Anyway, when Karl moved in, he came with an enormous frozen turkey. There was no room in our minuscule freezer to put it, we decided to defrost it in the refrigerator and have a nice "welcome to the apartment" dinner. Now, I love to cook, so this was an unexpected windfall - a 20 lb turkey just dying for some attention. I envisioned the table laden with a golden roast bird, stuffing and mashed potatoes. I would get to take my much loved, but rarely used Cuisinart out of storage! I would get to spend a leisurely day puttering around in my new kitchen! Fantastic! We planned the dinner for that Tuesday at 3 o'clock. I had to work a dinner shift at the restaurant where I was a server, but should have plenty of time to get to work, well-fed and glowing from what was surely going to be the best meal I had ever cooked.
Tuesday morning arrived. I got up early and prepared the stuffing. I seasoned the bird, and lovingly gave it a melted butter massage. I stuffed it and trussed it and heaved it into the roasting pan. Just as I put it in the oven, the electricity went out. Not just a blown fuse - every light in the apartment. Bloody. Freaking. Hell. Okay, okay, just a temporary set back. I wedged the turkey back into the refrigerator and closed the door. I started pacing. I checked to see if the traffic light on the corner was working to get a feel for the scope of the problem. Nothing. I paced and paced and paced and muttered and fretted and paced some more. I paced my way to 4:30 PM, and had to set out for work. Literally, the second I took my car keys off the hook, the power came back on. I left for work in a foul mood.
I don't remember much about that shift, except rationalizing that if I could get out of there early, my dinner would be salvaged. It was okay to eat at midnight, right? We were young and foolish, a midnight dinner party had a certain charm, right? Well, I did make it out of there at a reasonable , even after the bastard of a manager in charge found fault with all of my sidework and made me do it over.
When I got home all ready to prepare my feast, Karl greeted me with a casual, "Oh, I cooked the turkey for you, it's in the fridge." Asshole. But that's not all, it actually gets better. Or worse, depending on your perspective.

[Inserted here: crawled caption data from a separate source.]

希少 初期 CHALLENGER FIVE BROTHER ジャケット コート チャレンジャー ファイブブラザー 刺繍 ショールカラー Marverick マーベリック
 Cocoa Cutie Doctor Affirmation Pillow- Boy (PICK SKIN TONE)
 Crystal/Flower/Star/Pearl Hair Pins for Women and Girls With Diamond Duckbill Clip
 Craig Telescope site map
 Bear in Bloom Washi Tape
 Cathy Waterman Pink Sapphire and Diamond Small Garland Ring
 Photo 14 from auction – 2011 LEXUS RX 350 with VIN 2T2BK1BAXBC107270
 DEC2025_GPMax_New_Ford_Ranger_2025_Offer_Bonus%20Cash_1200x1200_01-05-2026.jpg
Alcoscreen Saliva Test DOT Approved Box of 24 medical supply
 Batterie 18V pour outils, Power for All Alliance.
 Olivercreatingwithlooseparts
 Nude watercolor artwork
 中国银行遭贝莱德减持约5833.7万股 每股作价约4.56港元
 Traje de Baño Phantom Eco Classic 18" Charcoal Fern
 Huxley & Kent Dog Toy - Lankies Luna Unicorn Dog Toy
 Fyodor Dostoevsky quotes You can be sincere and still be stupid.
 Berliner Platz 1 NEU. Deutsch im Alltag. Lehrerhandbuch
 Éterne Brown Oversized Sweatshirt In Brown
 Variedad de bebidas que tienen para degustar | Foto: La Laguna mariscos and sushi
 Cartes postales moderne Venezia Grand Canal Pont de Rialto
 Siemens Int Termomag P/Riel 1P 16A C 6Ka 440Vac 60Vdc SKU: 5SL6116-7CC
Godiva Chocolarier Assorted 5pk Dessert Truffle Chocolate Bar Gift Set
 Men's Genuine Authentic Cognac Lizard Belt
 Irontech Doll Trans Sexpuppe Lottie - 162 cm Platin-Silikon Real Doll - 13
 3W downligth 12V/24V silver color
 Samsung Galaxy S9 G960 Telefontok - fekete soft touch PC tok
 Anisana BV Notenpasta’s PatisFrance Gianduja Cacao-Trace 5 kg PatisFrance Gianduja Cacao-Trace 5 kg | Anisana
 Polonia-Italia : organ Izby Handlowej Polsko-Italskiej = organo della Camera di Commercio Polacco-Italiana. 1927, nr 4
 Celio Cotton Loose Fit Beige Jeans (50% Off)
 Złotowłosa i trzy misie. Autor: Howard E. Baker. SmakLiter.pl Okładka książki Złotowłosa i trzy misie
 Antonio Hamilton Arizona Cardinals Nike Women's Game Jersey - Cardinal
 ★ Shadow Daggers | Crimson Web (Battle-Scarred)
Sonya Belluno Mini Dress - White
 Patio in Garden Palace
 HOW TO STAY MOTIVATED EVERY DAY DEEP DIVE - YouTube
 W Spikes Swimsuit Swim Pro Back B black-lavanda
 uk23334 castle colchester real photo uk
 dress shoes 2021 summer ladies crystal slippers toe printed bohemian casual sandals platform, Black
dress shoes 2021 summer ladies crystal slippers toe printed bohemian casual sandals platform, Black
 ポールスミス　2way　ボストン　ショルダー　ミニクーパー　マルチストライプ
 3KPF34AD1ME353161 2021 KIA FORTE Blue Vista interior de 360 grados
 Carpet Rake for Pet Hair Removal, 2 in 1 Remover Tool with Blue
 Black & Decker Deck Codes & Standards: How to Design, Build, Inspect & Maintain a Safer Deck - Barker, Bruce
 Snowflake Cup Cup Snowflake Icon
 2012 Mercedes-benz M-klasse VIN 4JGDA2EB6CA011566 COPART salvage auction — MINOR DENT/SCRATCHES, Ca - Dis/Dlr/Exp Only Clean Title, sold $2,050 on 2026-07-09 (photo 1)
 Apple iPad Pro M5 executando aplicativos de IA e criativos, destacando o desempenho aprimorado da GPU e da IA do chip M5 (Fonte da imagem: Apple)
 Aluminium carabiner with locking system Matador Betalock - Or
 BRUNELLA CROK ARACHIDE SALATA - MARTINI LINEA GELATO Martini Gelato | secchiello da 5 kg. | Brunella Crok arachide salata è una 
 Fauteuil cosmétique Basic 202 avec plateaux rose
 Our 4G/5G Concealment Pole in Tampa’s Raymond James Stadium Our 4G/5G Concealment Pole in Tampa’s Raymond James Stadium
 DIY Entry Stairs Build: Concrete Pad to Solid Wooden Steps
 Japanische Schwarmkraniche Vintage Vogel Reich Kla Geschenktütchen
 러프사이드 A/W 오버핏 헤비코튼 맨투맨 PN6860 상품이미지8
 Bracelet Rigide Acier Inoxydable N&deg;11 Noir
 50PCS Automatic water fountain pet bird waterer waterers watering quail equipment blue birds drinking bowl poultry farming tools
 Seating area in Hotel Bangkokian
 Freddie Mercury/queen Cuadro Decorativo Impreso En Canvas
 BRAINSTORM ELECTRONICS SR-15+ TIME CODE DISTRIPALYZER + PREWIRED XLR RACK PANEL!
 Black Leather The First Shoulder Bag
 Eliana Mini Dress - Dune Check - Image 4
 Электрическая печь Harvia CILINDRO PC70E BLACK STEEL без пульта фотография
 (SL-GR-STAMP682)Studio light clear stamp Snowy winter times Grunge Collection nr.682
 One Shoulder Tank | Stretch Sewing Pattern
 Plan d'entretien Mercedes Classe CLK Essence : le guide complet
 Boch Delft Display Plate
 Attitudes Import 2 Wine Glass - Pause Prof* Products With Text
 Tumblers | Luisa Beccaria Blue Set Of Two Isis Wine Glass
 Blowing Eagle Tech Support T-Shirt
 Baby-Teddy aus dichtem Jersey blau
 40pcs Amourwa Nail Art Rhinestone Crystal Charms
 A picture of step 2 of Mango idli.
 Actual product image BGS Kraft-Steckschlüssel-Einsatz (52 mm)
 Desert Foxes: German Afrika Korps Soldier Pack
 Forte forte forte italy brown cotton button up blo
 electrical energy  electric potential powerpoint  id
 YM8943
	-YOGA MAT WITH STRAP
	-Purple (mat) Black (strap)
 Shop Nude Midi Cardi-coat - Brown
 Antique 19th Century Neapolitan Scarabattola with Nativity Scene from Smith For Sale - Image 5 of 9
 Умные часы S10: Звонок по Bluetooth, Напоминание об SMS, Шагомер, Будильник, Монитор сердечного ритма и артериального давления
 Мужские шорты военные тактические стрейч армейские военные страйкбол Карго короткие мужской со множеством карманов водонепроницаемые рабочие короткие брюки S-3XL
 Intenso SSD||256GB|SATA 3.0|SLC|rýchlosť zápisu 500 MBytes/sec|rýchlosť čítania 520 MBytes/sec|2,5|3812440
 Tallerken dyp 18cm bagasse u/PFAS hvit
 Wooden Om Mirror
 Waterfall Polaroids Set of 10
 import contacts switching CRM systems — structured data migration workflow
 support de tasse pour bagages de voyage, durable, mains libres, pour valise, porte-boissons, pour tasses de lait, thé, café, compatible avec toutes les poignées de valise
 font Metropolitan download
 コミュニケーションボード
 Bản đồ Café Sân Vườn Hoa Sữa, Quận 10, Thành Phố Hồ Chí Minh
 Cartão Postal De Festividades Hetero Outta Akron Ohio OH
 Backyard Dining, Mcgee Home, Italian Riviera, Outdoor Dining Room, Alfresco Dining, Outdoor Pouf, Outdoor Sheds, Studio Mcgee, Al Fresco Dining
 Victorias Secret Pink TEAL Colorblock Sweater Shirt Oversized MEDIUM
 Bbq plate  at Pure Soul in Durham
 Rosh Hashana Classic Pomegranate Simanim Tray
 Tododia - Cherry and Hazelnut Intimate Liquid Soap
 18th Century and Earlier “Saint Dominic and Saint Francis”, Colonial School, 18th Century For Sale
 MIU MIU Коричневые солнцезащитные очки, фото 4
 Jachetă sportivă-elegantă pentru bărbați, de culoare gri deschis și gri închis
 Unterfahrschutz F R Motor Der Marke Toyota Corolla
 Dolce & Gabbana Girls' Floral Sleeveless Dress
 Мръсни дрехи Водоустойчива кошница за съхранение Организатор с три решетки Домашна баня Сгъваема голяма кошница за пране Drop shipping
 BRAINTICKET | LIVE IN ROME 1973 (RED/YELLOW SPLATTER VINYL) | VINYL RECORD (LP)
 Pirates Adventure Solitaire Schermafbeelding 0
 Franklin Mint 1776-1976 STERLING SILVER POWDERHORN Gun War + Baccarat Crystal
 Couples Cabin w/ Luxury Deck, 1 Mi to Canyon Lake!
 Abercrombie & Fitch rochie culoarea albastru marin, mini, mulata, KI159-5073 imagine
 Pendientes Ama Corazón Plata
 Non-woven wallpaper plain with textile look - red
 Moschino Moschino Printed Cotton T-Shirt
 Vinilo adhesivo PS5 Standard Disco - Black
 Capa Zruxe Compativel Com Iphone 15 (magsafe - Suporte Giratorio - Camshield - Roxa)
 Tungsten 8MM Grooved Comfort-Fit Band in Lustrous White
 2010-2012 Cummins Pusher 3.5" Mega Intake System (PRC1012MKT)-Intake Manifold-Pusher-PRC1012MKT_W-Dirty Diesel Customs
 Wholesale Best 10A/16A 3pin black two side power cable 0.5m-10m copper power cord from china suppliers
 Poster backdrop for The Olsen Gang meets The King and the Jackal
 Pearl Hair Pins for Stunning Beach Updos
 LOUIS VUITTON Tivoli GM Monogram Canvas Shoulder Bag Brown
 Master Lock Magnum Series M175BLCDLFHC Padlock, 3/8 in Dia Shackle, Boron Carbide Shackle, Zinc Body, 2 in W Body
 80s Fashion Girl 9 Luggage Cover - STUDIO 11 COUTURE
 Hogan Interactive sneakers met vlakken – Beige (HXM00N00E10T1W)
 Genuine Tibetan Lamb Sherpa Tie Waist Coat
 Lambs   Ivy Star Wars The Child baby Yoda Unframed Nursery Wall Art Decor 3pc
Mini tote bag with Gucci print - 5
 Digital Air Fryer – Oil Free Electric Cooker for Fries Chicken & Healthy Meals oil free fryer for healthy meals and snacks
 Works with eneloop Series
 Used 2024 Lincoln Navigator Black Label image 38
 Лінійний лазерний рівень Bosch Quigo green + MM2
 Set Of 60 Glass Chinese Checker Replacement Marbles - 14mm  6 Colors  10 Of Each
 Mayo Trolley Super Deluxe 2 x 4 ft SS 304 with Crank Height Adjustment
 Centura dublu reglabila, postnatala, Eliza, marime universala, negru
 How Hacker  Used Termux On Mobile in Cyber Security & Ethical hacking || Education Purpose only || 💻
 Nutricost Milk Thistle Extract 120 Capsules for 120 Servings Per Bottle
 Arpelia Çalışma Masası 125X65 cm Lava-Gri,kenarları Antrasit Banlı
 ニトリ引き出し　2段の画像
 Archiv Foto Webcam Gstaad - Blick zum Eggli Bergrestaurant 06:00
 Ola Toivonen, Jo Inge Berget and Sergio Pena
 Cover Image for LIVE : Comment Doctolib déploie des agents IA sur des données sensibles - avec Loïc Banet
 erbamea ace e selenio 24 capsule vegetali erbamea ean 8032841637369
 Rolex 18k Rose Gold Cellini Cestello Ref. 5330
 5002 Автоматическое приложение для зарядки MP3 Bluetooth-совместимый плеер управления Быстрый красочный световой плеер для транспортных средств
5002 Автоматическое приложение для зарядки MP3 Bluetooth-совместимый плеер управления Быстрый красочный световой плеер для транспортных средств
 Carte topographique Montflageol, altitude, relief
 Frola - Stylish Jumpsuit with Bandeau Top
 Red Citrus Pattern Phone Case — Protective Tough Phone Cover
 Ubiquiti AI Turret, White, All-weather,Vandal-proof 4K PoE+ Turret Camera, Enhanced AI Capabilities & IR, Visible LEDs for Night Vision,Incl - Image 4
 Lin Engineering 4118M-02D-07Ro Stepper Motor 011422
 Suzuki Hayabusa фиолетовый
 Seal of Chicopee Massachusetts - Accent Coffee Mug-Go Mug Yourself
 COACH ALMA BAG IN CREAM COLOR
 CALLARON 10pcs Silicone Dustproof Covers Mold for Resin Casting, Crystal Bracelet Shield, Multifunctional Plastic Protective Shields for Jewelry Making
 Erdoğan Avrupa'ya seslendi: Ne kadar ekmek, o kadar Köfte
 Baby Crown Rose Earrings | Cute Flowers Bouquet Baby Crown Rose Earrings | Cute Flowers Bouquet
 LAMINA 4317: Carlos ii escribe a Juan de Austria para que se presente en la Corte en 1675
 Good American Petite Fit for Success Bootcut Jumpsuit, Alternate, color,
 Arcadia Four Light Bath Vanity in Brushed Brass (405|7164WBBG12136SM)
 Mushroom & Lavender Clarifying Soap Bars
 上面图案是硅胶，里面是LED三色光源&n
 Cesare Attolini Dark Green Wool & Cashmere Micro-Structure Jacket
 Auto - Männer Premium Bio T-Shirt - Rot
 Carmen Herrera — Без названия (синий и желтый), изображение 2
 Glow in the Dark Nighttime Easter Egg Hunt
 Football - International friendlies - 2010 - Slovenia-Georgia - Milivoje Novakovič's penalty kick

I trudged into the kitchen to make myself a consolatory turkey sandwich. As soon as I opened the refrigerator door, it literally came off in my hand and landed on my big toe. The whole door. The whole 20-pound refrigerator door. All of the improperly stored eggs, and half the collection of condiments in the door crashed to the floor and exploded.
I cried myself to sleep.
Excellent work on your assignment; I wish all my students were as diligent. And this is very funny, a great way to start your blogging career. It sounds like you had Napoleon Dynamite for a roommate; must have been good times. When the door fell, did it break your toe? How long did Napoleon last in the apartment?
ReplyDeleteNapoleon Dynamite had more social skills than this guy. I once watched him cook a "special dinner" of two Hilshire Farms sausages in a baking dish with a bottle of barbeque sauce, which he and his girlfriend proceeded to eat out of the pan while watching TV. Toe not broken - just spirit. I think he lasted about three months.